# preserving spar urethane



## drew37 (Jul 19, 2012)

Every Summer when I go to use my Helmsman spar urethane I've noticed it thickens
either due to moisture in the air or because of the warmer temperature ...does anyone know of a way to preserve this finish so I don't have to continue throwing away half containers of my supply and the money I've invested? I have ideas but an already proven technic would save me from the cost of trial & error.


----------



## Fred Hargis (Apr 28, 2012)

I've tried several things, none of them worked well. I've tried exhaling into the can slowly (CO2 in my breath), I've tried making my own CO2 (baking soda and vinegar in a 1 gallon pitcher, then "pour" the CO2 into the can). I've also tried sucking the air out of the can (using one of those Ziplok vacuum bag pumps and a port from one of the bags). I've not tried Bloxygen (aerosol CO2) and I've not tried filling the can with marbles to raise the lever of the varnish, though some say it works well. Some day I may try putting the whole can into a 1 gallon Ziplok Vacuum Seal bag and suck the air out to see how it works. Until then, about the only thing I've done that helps is either (or both): put wax paper on top of the varnish, and 2.) store it in a refrigerator (small one in the shop). The wax paper is cut out using the can's lid upside down as a pattern and cut it out with a utility knife. This works a lot better on oil based paint than varnish but still seems to help. The refrigerator really slows down the curing but if you put the varnish in with food, it may come out tasting like, well, varnish.

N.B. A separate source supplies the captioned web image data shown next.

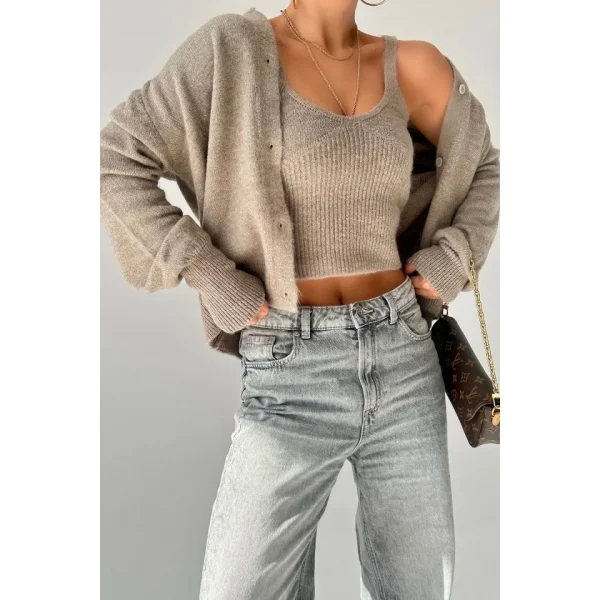 Hırka Atlet İkili Takım  Açık Vizon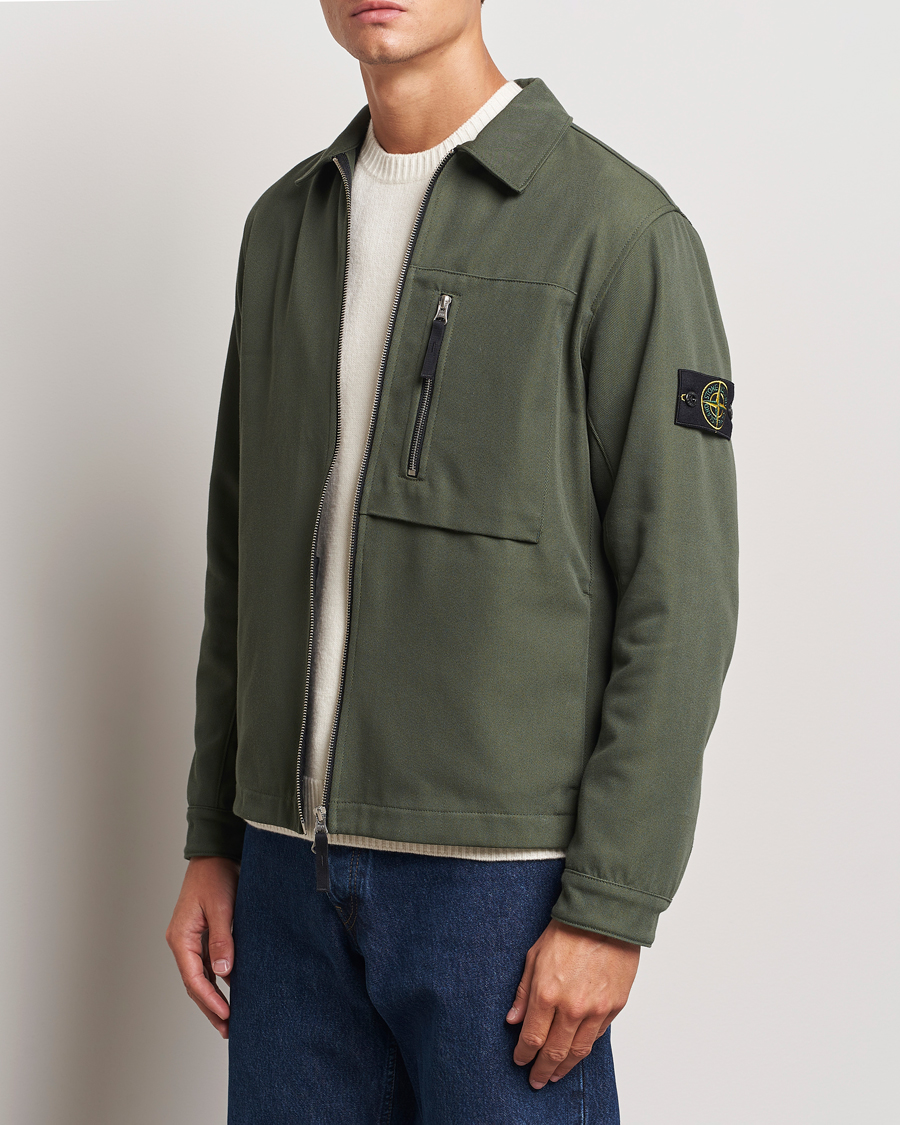 Herren | Hemdjacke | Stone Island | Cotton Nylon Zip Overshirt Musk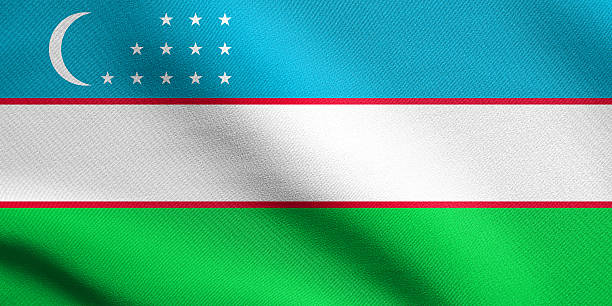 istock Flag of Uzbekistan waving with fabric texture 610019336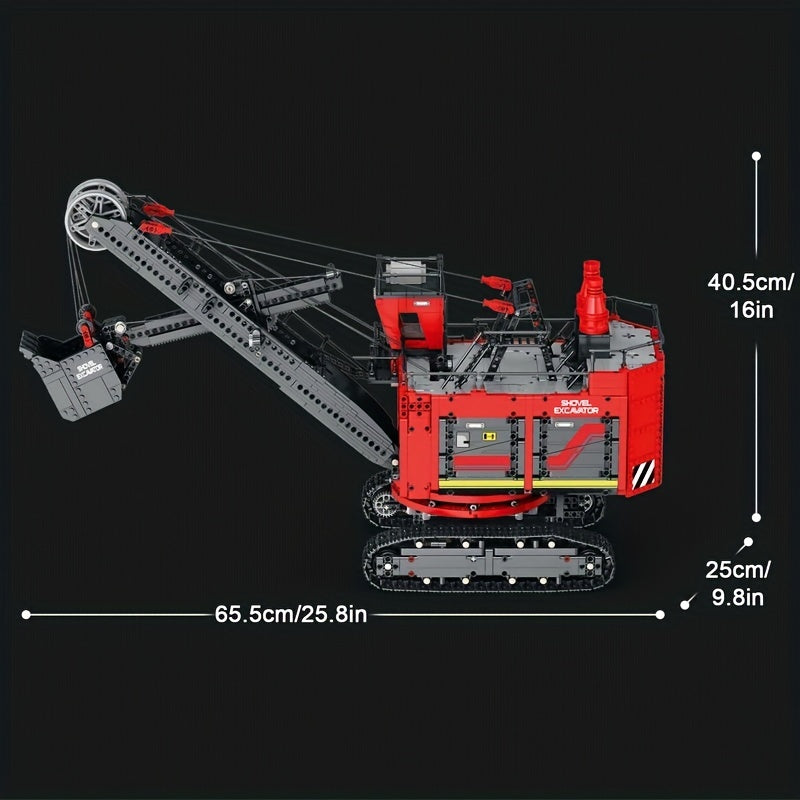 Reobrix 2968pcs Remote Control Excavator Building Set with App Connectivity - Perfect Holiday Gift for Adults, Durable ABS Construction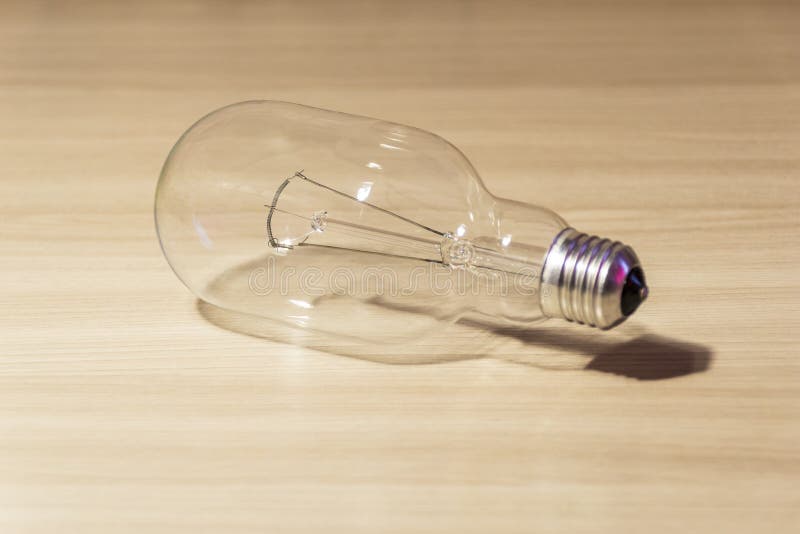 Regular incandescent lamp for three hundred watts. stock photos Regular incandescent lamp for three hundred watts. stock photos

Good luck, I hope someone has some better ideas.


----------



## cabinetman (Jul 5, 2007)

Fred already gave you several things to try. Any canned media that gets used...opened...closed will sustain some evaporation contributing to the "thickening". You may try adding a small amount of mineral spirits. There are better spar urethanes than Helmsman.









 







.


----------



## Steve Neul (Sep 2, 2011)

I normally keep some different size containers and pour the left over finish in a different can to where it fills to the top. If you are having to break the skim off the top of the varnish it probably needs to be poured through a strainer anyway. The Sherwin Williams store I use sells a variety of sizes of empty cans I keep on hand.


----------



## drew37 (Jul 19, 2012)

*thanks guys.*

Good ideas...I think I will try the different size containers...along with a small shop refrigerator thats pretty much what I was thinking before hand also I've found where someone has tried enclosing propane in with the urethane to keep it from thickening being that the gas is heavier than air.. sounds likely to work but then I'd be dealing with another bad smell and an igniteable gas. Not sure if I want to take it that far but you never know...thought I would put it out there in case someone else might like the idea. :detective:


----------



## Fred Hargis (Apr 28, 2012)

I forgot about the propane, I've also tried it and it didn't do any better than the other additives; your mileage might vary. I do know that my cans keep longer when almost full (just a little bit used) than when they are,say, 1/2 empty. Seems to me that supports the different size container approach (or maybe using the marbles to raise the liquid level). I've also seen, but never tried, plastic containers that have a bellows built into their side so you can collapse them to the height of the liquid. At some point the cost of trying to save the varnish exceeds the value of the varnish.


----------



## Hammer1 (Aug 1, 2010)

Smaller containers with tight fitting lids filled to the top are the way to go, leave no air space in the containers, just make sure you date and label the new containers. And you wondered why the Mrs. saved all those empty jelly jars.


----------



## beerdog (Mar 13, 2009)

I was just going to post a thread and saw this one. Does spar urethane expire? A friend of mine has some old cans that seem OK that he does not want. I would not use them to seal a boat or anythig critical, but figure I could put them to use on less demanding projects..


----------



## dougj71 (Jul 31, 2009)

I have tried bloxygen and it does work.


----------



## Fred Hargis (Apr 28, 2012)

beerdog said:


> I was just going to post a thread and saw this one. Does spar urethane expire? A friend of mine has some old cans that seem OK that he does not want. I would not use them to seal a boat or anythig critical, but figure I could put them to use on less demanding projects..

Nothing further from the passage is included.